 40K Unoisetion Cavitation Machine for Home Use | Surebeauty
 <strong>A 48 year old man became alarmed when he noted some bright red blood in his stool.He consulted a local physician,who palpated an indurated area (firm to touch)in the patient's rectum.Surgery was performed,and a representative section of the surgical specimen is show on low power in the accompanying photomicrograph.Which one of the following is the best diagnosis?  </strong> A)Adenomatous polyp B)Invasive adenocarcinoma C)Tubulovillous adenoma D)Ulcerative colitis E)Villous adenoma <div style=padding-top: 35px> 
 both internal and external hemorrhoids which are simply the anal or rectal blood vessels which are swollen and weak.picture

::::::::

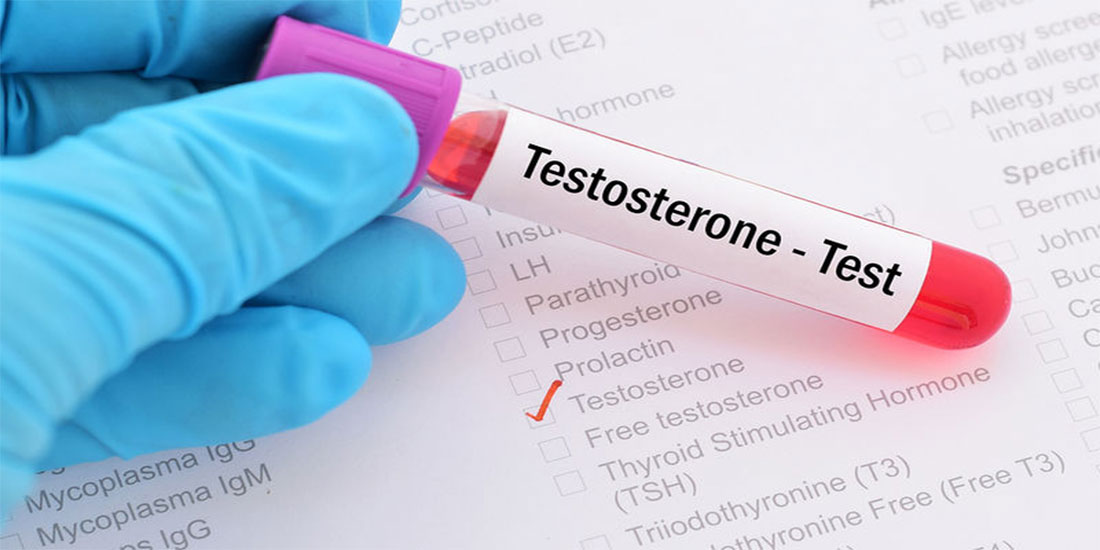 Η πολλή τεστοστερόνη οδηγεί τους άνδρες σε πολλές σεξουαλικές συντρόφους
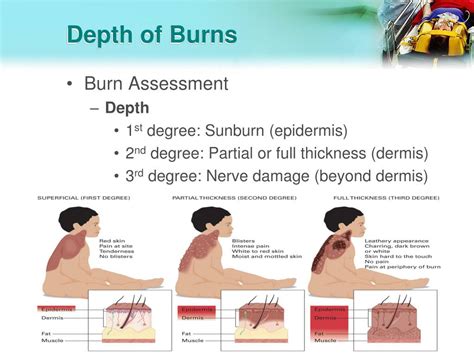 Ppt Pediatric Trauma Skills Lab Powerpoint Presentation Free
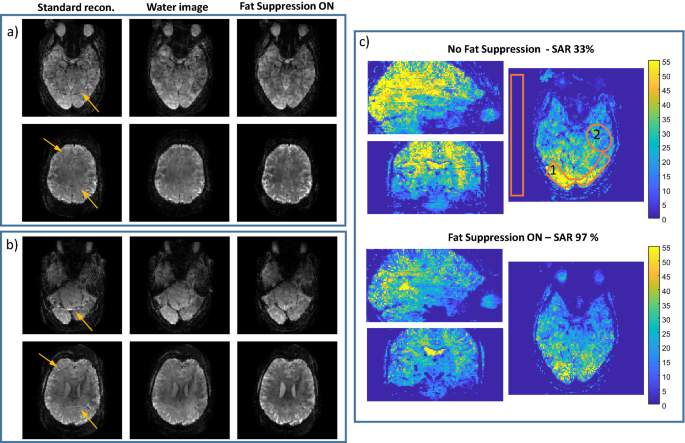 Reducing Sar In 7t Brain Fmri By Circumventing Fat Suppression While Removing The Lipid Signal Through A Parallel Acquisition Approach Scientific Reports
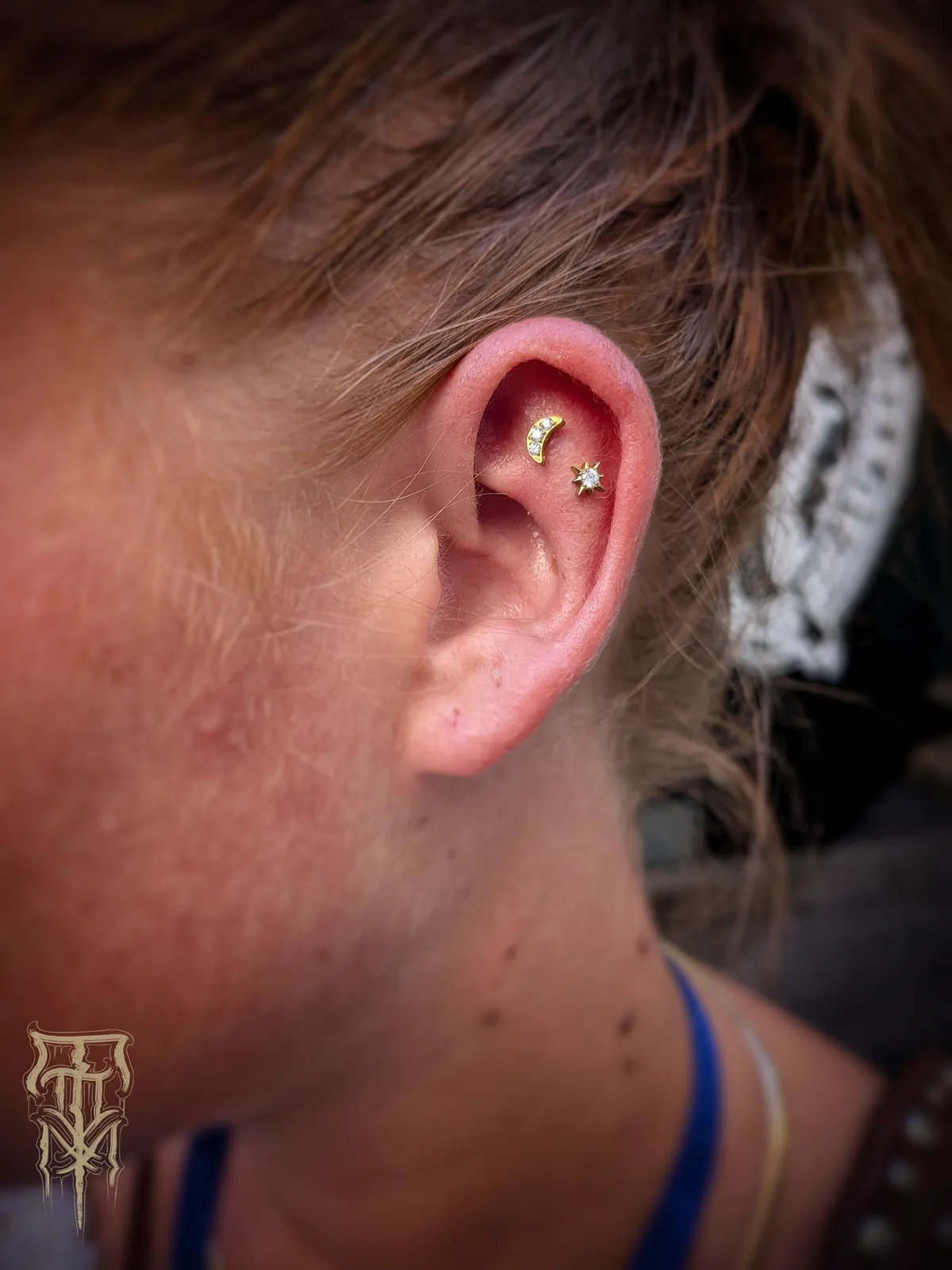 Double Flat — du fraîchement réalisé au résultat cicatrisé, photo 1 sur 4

::::::::

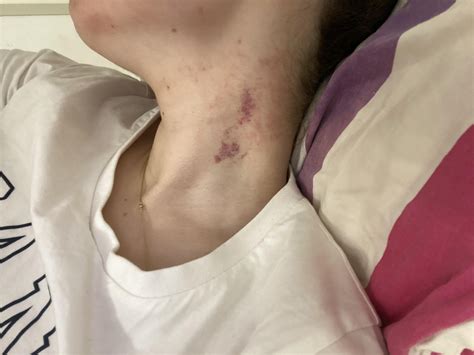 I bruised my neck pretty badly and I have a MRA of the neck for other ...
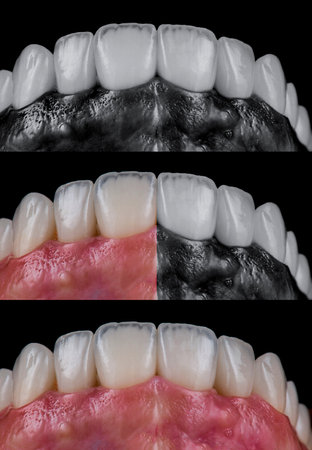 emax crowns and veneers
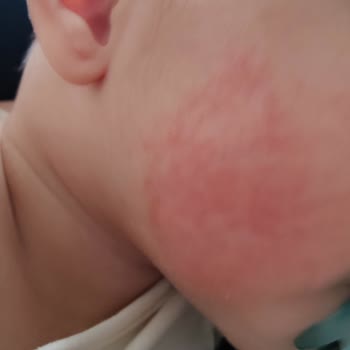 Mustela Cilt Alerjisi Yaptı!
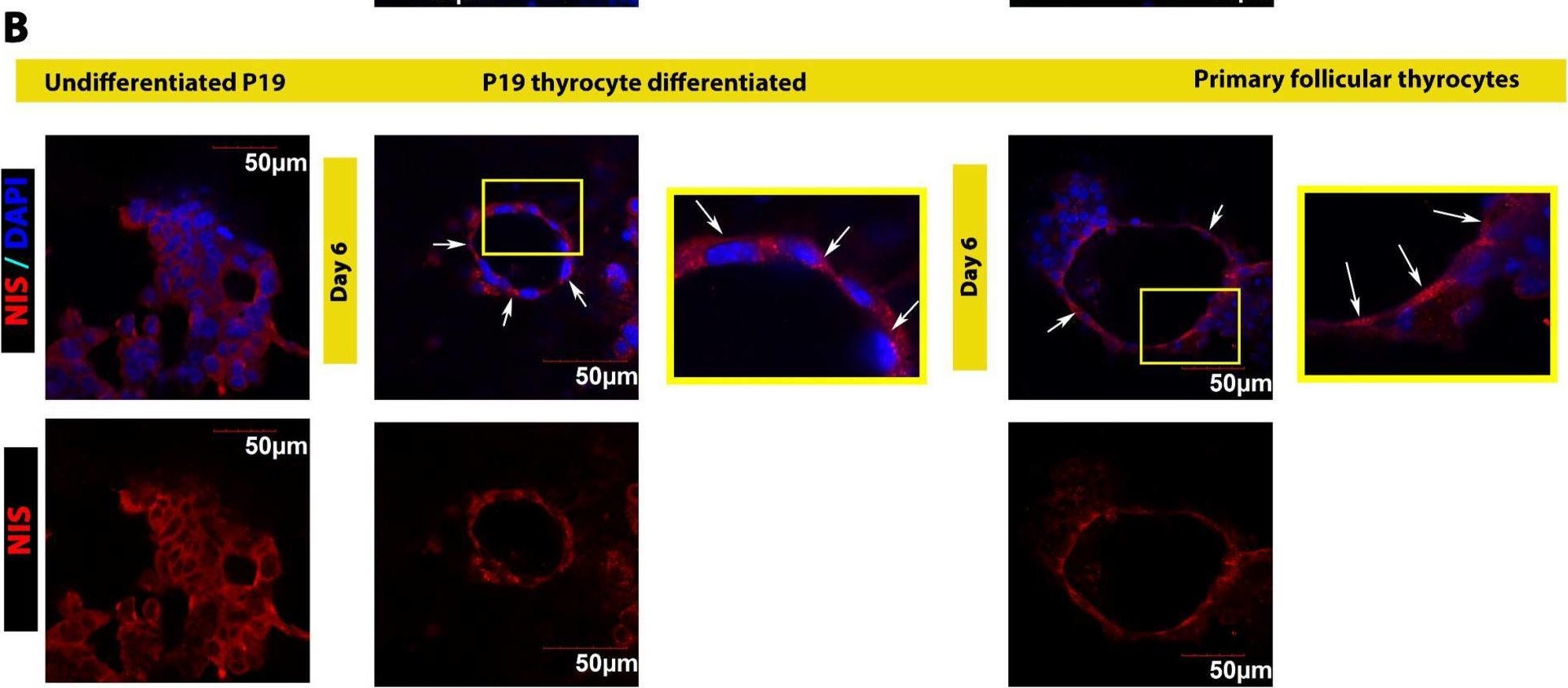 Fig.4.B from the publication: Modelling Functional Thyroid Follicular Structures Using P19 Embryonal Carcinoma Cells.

::::::::

◆ WHAT TO DO:
Although pictures appear among the records above, none are to be output; print exactly the lines from the line containing "I bruised my" through the line containing "Fig.4.B from the".

◆ YOUR SOLUTION:
 I bruised my neck pretty badly and I have a MRA of the neck for other ...
 emax crowns and veneers
 Mustela Cilt Alerjisi Yaptı!
 Fig.4.B from the publication: Modelling Functional Thyroid Follicular Structures Using P19 Embryonal Carcinoma Cells.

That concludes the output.